With $100 million in backing from leading investors, we are addressing significant challenges in an industry poised for transformation. Our platform supports Generative AI applications by ensuring the delivery of clean, connected, and reliable healthcare data that facilitates automation, prioritization, and decision workflows—keeping us at the forefront of innovation.

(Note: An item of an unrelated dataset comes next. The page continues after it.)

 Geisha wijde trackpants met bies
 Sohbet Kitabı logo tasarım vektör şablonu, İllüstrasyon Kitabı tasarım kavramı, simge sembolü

Our progress is driven by our people. We embrace boldness, curiosity, and collaboration, as we believe the best ideas emerge from teamwork. Are you ready to make a difference? Join us in building the future.
About the Role:
We are seeking a skilled Data QA Engineer to join our TechOps team. If you are passionate about guiding critical feature delivery, this role is tailored for you. The team is tasked with implementing and configuring data pipelines that ingest, ETL, and process diverse data sources, including the construction of large batch processing and streaming systems. You'll engage with various aspects of our platform and AWS services (Serverless – Lambda, EMR – Hadoop/Spark, EKS – Kubernetes, etc.) while also contributing to the product and team evolution during our rapid growth. Your expertise in architectural evolution will play a crucial role as we develop new platform components.
Your Daily Responsibilities:
- Evaluate mapping specifications to identify business requirements and assess QA efforts.
- Craft ETL test scenarios and test cases while validating input file layouts and parsers.
- Create source-to-target SQL queries for data validation and user acceptance criteria.
- Automate data validation processes using PySpark and Databricks.
- Conduct testing with synthetic data that simulates real-time production scenarios.